In this study, we found that most of the respondents skipped their meal (breakfast lunch or dinner), and they were mostly likely to skip dinner (44.7%) and breakfast (40%) throughout their working day. This was coherent to the finding by Coomarasamy et al. (2014) in their study among 1086 staff nurses in Malaysia who attended International Nursing Day and Seminar in 2012. These nurses were working at various public or private institution. They found a total of 37.2% of the nurses skip at least one meal per day. This show that, skipping meal was not only a problem among nurses working in hospital but also at other setting as well.

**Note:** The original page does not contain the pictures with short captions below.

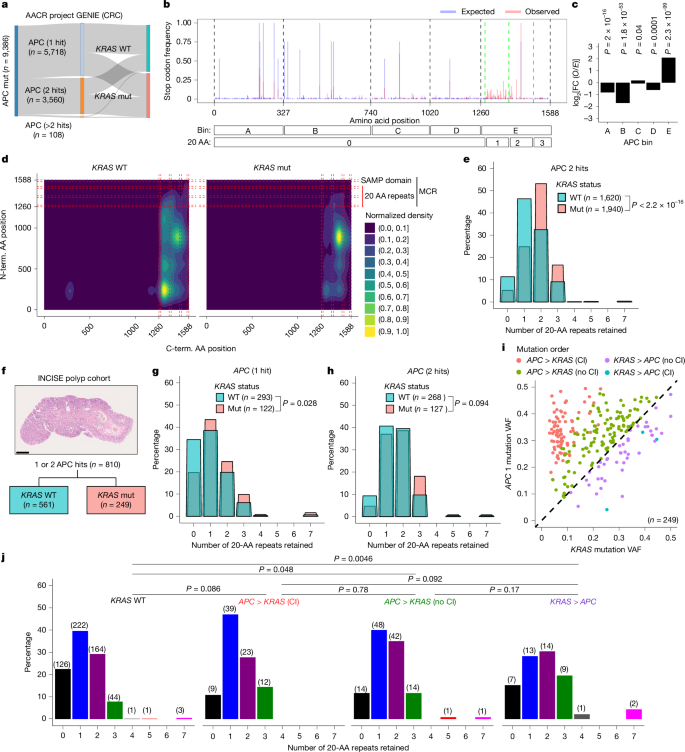 Fig. 5: Selection and priming shape APC mutation patterns in human CRC.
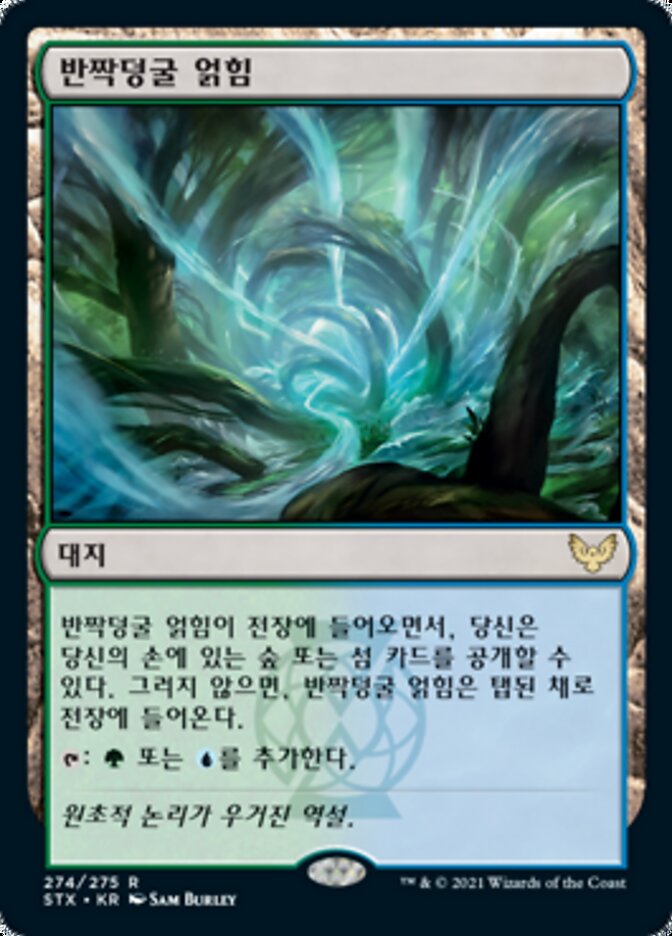 반짝덩굴 얽힘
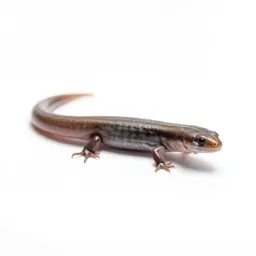 Blindworm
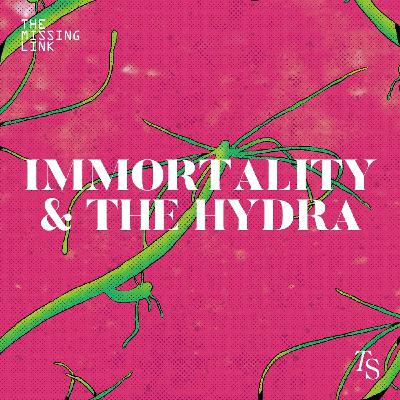 Immortality and The Hydra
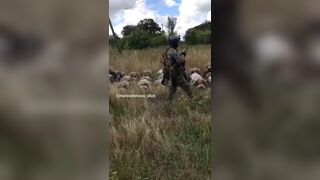 Captured russian conscripts in the Kursk region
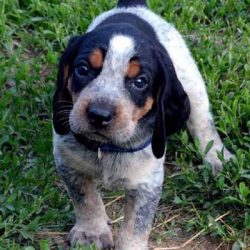 Particular attention should be paid to socializing your dog with cats and other small animals.
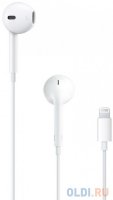    APPLE EarPods with Lightning Connector (MMTN2ZM/A)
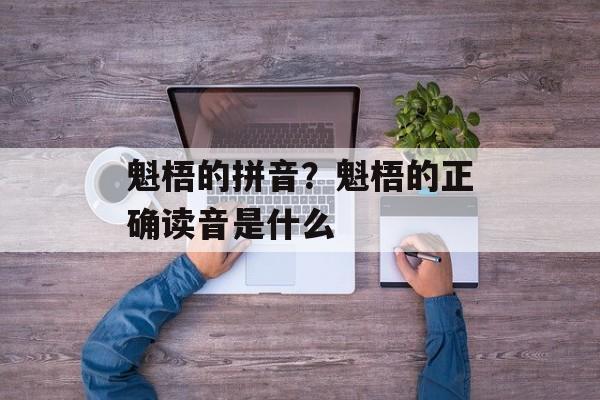 魁梧的拼音？魁梧的正确读音是什么-第1张图片-
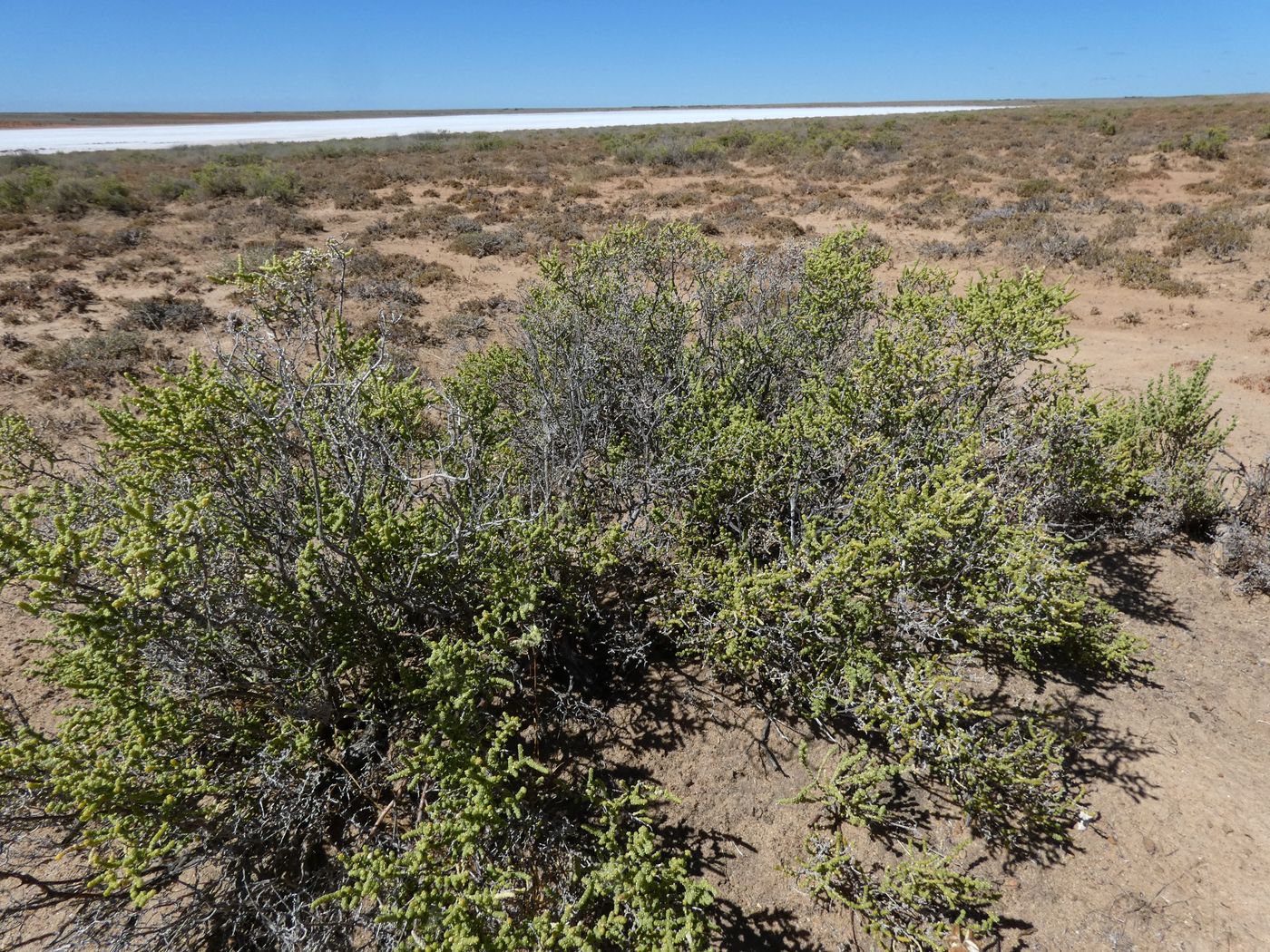 Image of Anabasis salsa specimen.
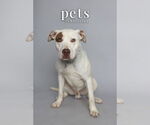 Small #6 American Staffordshire Terrier Mix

In a study conducted in India [17], they found that 40% of nurses skipped their lunch and other meals. These results contradict with our findings. However, our study was carried out in health clinic setting with a different workload and working hours which may be a factor to better compliant to lunch compared to hospital nurses with rotating shift [18]. The trend of skipping breakfast and dinner among respondents needs to be prevented as it may increase the risk for overweight and obesity [18,19.20.21].
Abnormal body weights have become a great concern among nurses in Malaysia. More than half of our respondents had body mass index more than 25kg/m2 and 27.1% of the respondents were obese. These figures were higher when compared to the findings of previous studies where 18% to 23.5% of the respondents were found to be obese [5,6,21]. However, in our study the association between abnormal body weight and MTB was not statistically significant association.
Our research showed that eating home cooked foods for breakfast and dinner have significant association with a good MTB. A large cohort study found that taking frequent home cook foods was associated with better quality meals in terms of higher vegetable and fruit contents [23]. In addition to that, healthy fruit juice intake was found to be higher among those who take home cooked foods [24]. Those who prepared less home cooked foods have significant association with eating fast foods and quick service foods [24]. Fast food and quick service foods are usually having high salt amount which sometimes exceed the daily recommended amount even with one meal [25].
Having companies when taking lunch was found to influence MTB, as found in this study. A person’s MTB would be changed with whom they took their meal which also known as ‘modelling’ in order to adapt with the social norm [26,27]. In modelling, someone’s MTB was affected by adjusting of the amount of the food intake due to the appropriateness based on the occasion [27]. Even though many people do not acknowledge that eating companion would affect their MTB compared to the self- factors such as hunger or type of food, however, study found that social cues did affect someone’s MTB as in social model [27].